BEGIN Exercise data

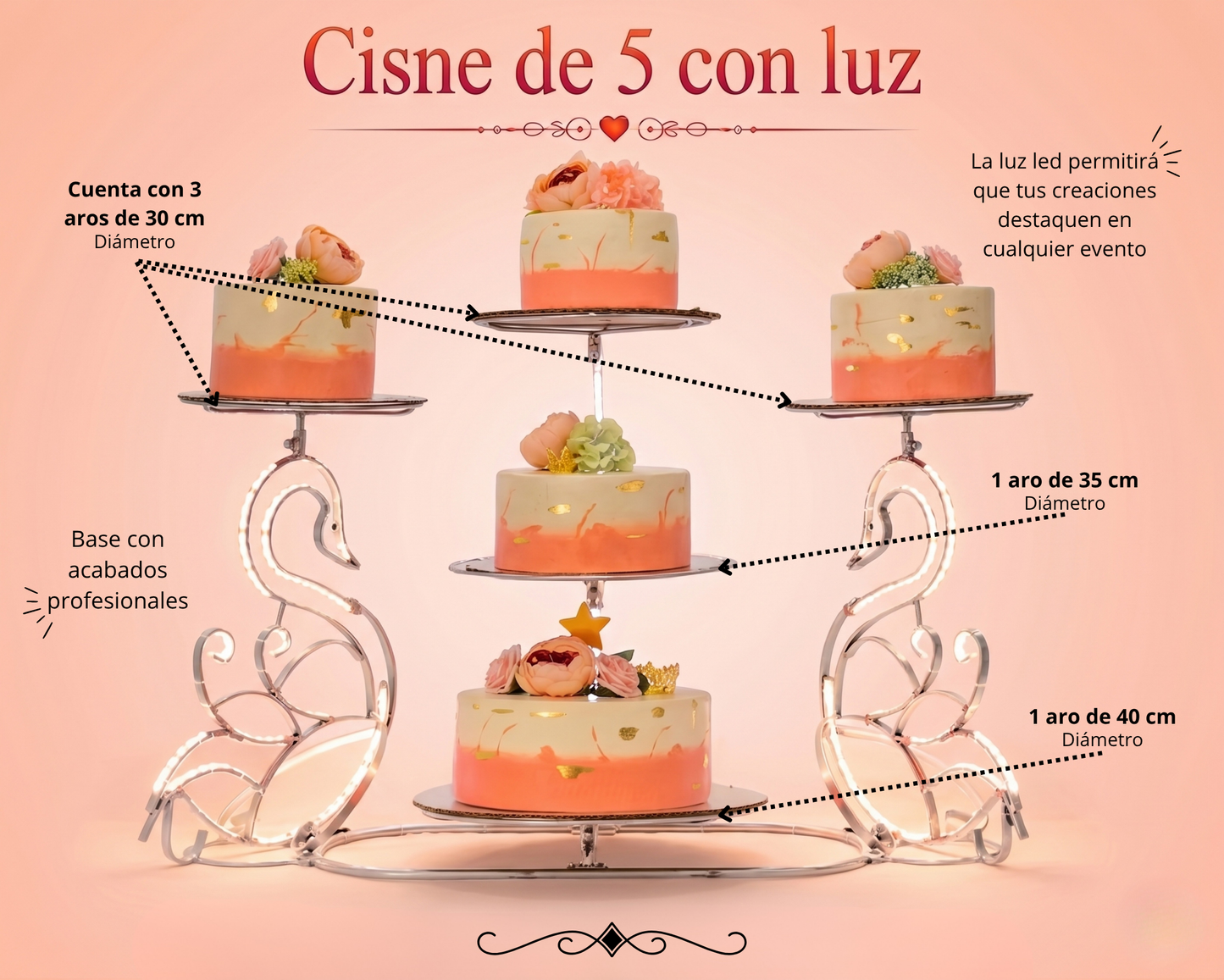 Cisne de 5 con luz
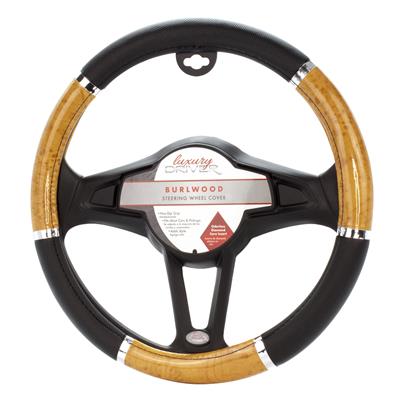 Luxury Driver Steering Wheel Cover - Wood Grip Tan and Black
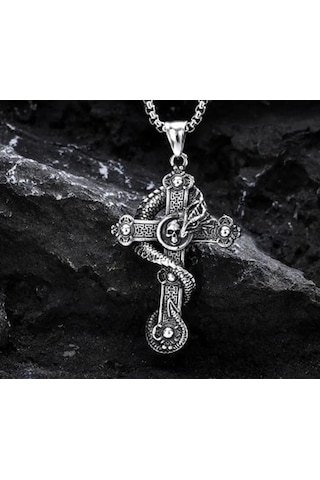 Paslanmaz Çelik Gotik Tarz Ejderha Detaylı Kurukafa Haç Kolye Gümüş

END Exercise data
BEGIN Exercise data

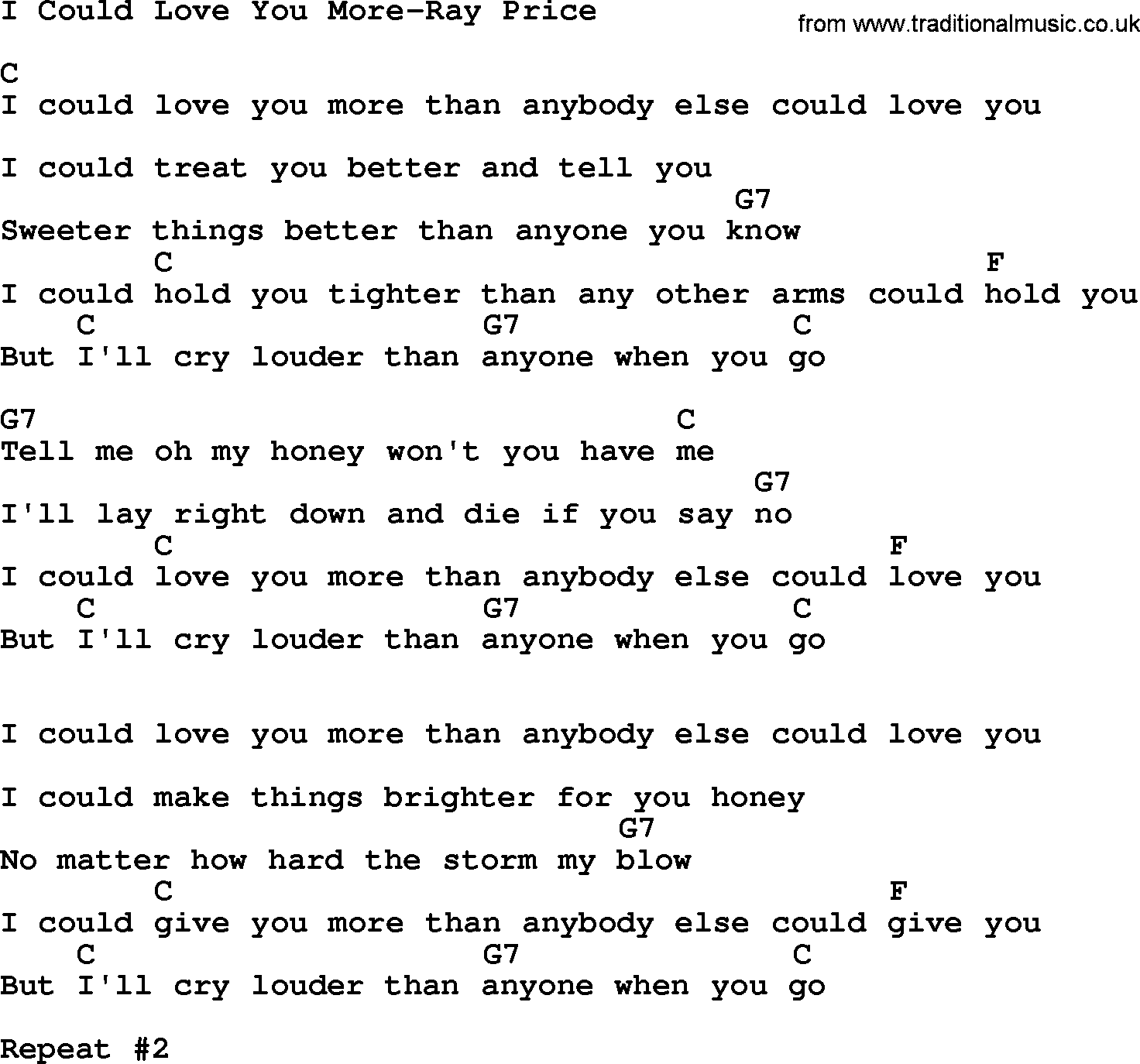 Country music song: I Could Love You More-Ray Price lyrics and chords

END Exercise data

▸ **What is required**: What is needed is an exact copy of the lines above, from the one holding "Luxury Driver Steering" down to the one holding "Paslanmaz Çelik Gotik", with those two included and the pictures left out.

▸ **Reply to the exercise**:
 Luxury Driver Steering Wheel Cover - Wood Grip Tan and Black
 Paslanmaz Çelik Gotik Tarz Ejderha Detaylı Kurukafa Haç Kolye Gümüş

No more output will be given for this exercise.